### THE PROBLEM:
Each entry below has to be written out again without any change.

[Dataset excerpts]
_ _ _ _ _

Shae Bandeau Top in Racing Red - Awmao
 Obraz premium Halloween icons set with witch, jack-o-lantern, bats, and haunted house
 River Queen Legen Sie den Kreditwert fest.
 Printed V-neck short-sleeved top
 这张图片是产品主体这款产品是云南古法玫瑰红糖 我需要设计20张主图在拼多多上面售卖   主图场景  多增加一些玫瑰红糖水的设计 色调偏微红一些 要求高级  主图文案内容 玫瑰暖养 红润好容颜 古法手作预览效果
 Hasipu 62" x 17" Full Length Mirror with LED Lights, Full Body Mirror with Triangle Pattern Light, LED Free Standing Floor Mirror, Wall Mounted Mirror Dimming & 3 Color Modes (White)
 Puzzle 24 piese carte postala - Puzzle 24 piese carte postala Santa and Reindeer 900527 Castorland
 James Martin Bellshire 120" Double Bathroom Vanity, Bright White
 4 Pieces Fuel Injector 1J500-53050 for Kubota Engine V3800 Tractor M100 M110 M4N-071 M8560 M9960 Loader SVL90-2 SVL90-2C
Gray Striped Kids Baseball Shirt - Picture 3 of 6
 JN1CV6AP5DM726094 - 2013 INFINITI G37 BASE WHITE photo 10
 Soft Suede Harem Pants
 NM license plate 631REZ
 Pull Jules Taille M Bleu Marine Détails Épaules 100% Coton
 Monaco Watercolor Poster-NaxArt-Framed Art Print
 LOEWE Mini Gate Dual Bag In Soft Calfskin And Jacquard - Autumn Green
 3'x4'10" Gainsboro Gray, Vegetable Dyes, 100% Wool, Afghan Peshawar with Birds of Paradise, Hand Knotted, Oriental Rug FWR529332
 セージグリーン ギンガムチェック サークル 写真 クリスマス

_ _ _ _ _

### TASK RESULT:
Shae Bandeau Top in Racing Red - Awmao
 Obraz premium Halloween icons set with witch, jack-o-lantern, bats, and haunted house
 River Queen Legen Sie den Kreditwert fest.
 Printed V-neck short-sleeved top
 这张图片是产品主体这款产品是云南古法玫瑰红糖 我需要设计20张主图在拼多多上面售卖   主图场景  多增加一些玫瑰红糖水的设计 色调偏微红一些 要求高级  主图文案内容 玫瑰暖养 红润好容颜 古法手作预览效果
 Hasipu 62" x 17" Full Length Mirror with LED Lights, Full Body Mirror with Triangle Pattern Light, LED Free Standing Floor Mirror, Wall Mounted Mirror Dimming & 3 Color Modes (White)
 Puzzle 24 piese carte postala - Puzzle 24 piese carte postala Santa and Reindeer 900527 Castorland
 James Martin Bellshire 120" Double Bathroom Vanity, Bright White
 4 Pieces Fuel Injector 1J500-53050 for Kubota Engine V3800 Tractor M100 M110 M4N-071 M8560 M9960 Loader SVL90-2 SVL90-2C
Gray Striped Kids Baseball Shirt - Picture 3 of 6
 JN1CV6AP5DM726094 - 2013 INFINITI G37 BASE WHITE photo 10
 Soft Suede Harem Pants
 NM license plate 631REZ
 Pull Jules Taille M Bleu Marine Détails Épaules 100% Coton
 Monaco Watercolor Poster-NaxArt-Framed Art Print
 LOEWE Mini Gate Dual Bag In Soft Calfskin And Jacquard - Autumn Green
 3'x4'10" Gainsboro Gray, Vegetable Dyes, 100% Wool, Afghan Peshawar with Birds of Paradise, Hand Knotted, Oriental Rug FWR529332
 セージグリーン ギンガムチェック サークル 写真 クリスマス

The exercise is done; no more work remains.